Electron scattering in Fourier reciprocal space maps the scattering potential

Diffraction-like fringe structures appear in the differential cross-section (DCS) of elastic electron–atom scattering [1]. A recent investigation of e–C₆₀ scattering [2] revealed that such diffraction can be probed in two ways: (i) through the angular DCS of scattering at a fixed impact energy and (ii) through the energy DCS at a fixed scattering angle, the latter promising applications in ultrafast electron diffraction studies. In the current theory-experiment joint research, we present a novel analysis of diffraction in DCS of atomic targets to establish a connection to the scattering potential. Scattering parameters are calculated using the Dirac–Partial wave formalism [3]. Employing a Fourier transform (FT) method, we process the oscillations (fringes) in DCS to gain insights of its relationship with the overall interaction potential [4]. We show that the effective diffracting length, derived from the transform of angular DCS into reciprocal space, as a function of energy can delineate the scattering potential, a quantity which is a fundamental collision parameter, not merely a mathematical entity, but directly inaccessible to experimental observation. The approach may find applications in large-volume, multiscale modelling.

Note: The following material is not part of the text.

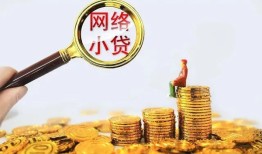 深圳25小额贷款空放-深圳25空放个人借钱-深圳25借款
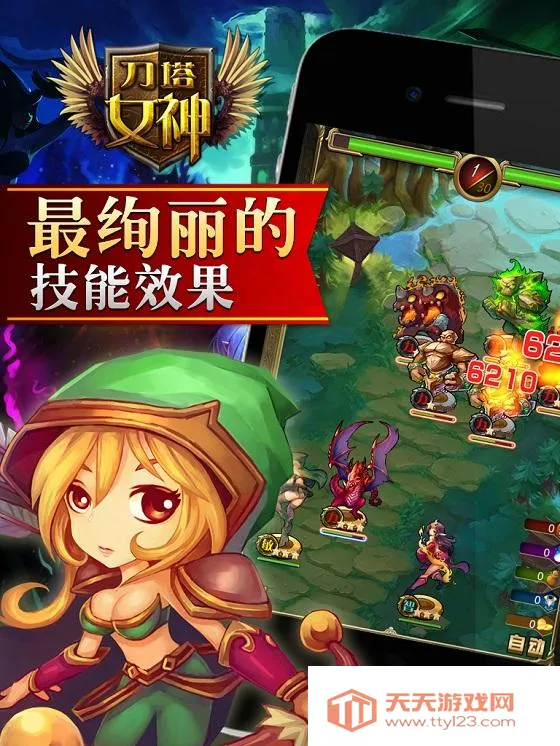 ����Ů�������ڹ���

[1] B. P. Marinković, V. Vujcić, G. Sushko, D. Vudragović, D. P. Marinković, S. Dorjević, S. Ivanović, M. Nesvić, D. Jevremović, A. V. Solov’yov, and N. J. Mason, Nucl. Instr. Meth. Phys. Res. B 354, 90 (2015). 

[2] R. Aiswarya, R. Shaik, J. Jose, H. R. Varma, and H. S. Chakraborty, Phys. Rev. Lett. 133, 033002 (2024).

[3] F. Salvat, A. Jablonski, and C. J. Powell, Comput. Phys. Commun. 165, 157 (2005).

[4] R. Aiswarya, J. Jose, N. Simonović, B. P. Marinković, and H. S. Chakraborty, Phys. Rev. A Lett. 113, L010801 (2026)